EXERCISE DETAILS: The lines from the one containing "هتل Hyatt Place Kelowna" to the end of the entries, both included, are what you need to transcribe exactly, without pictures and without anything else.

DATA SECTION:
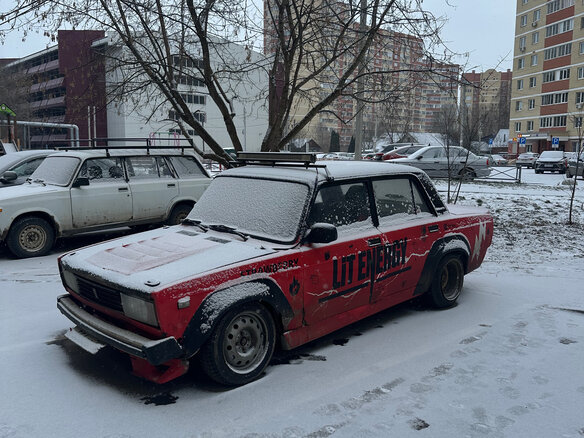 2008 Lada (ВАЗ) 2105, красный, 130000 рублей - вид 8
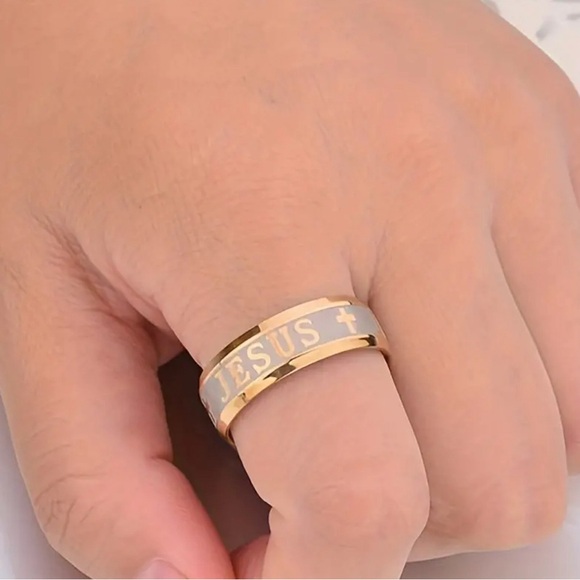 UNISEX/MENS JESUS WEDDING BAND RING/GIFT SZ 8 - Picture 3 of 5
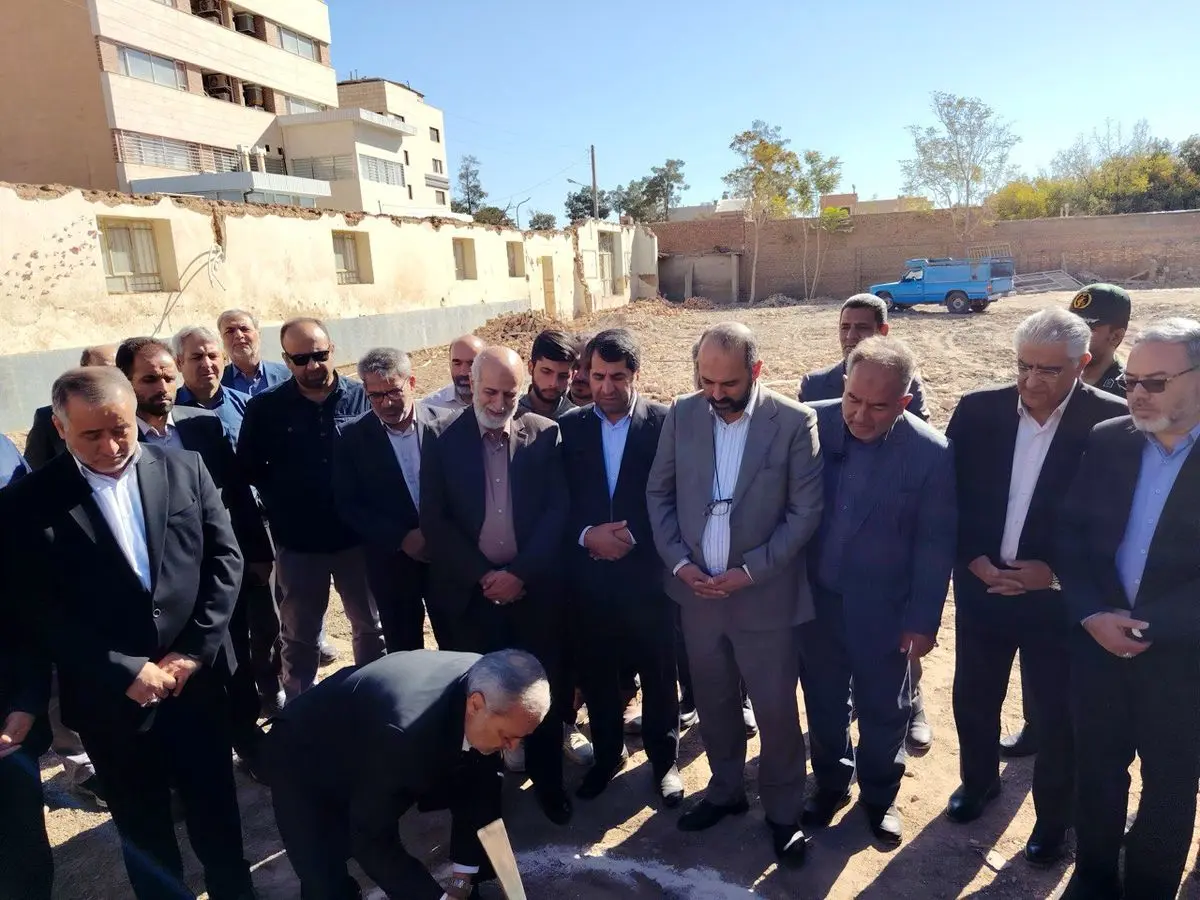 آیین آغاز عملیات اجرایی احداث هنرستان استاد محمدکریم فضلی به همت گروه صنعتی گلرنگ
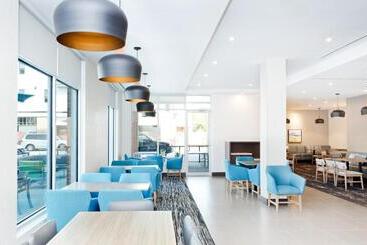 هتل Hyatt Place Kelowna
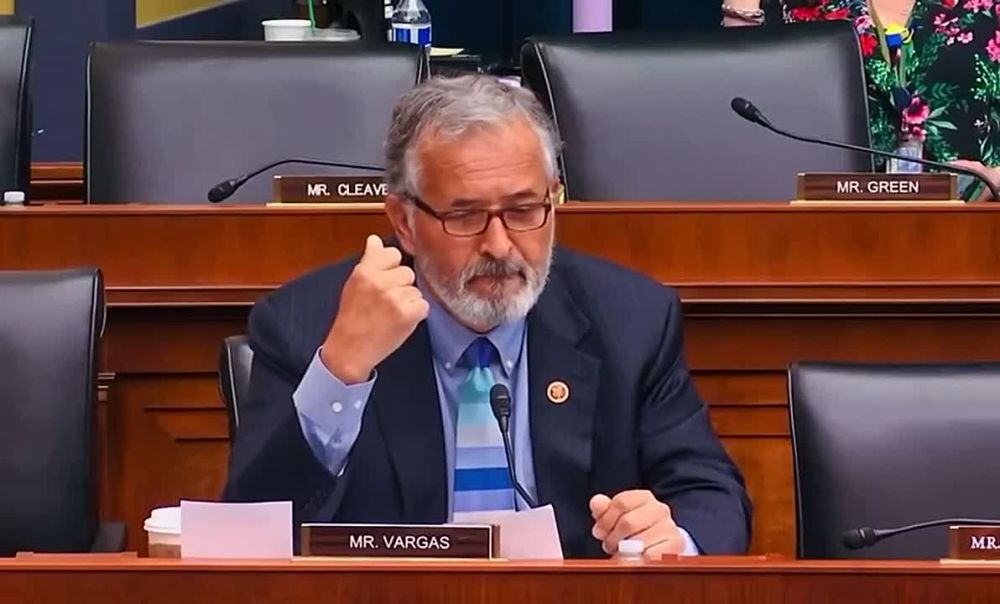 Двуличие США наглядно. Пока Трамп рассказывает про возможность достижения мира, официальные лица новой администрации явно не собираются мириться с Россией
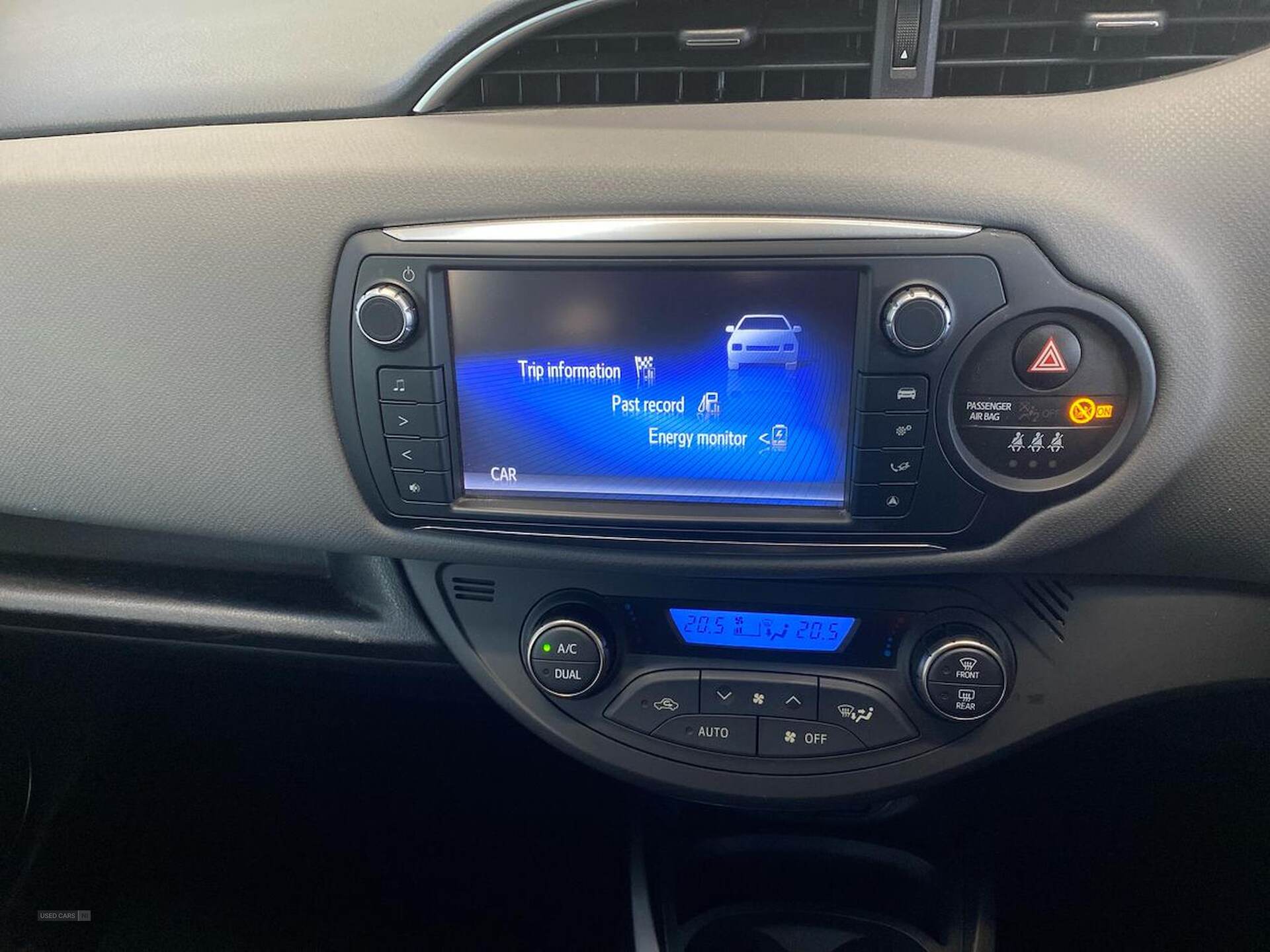 Oct 2016 Toyota Yaris 1.5 Hybrid Icon 5Dr Cvt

ANSWER TO THE EXERCISE:
 هتل Hyatt Place Kelowna
 Двуличие США наглядно. Пока Трамп рассказывает про возможность достижения мира, официальные лица новой администрации явно не собираются мириться с Россией
 Oct 2016 Toyota Yaris 1.5 Hybrid Icon 5Dr Cvt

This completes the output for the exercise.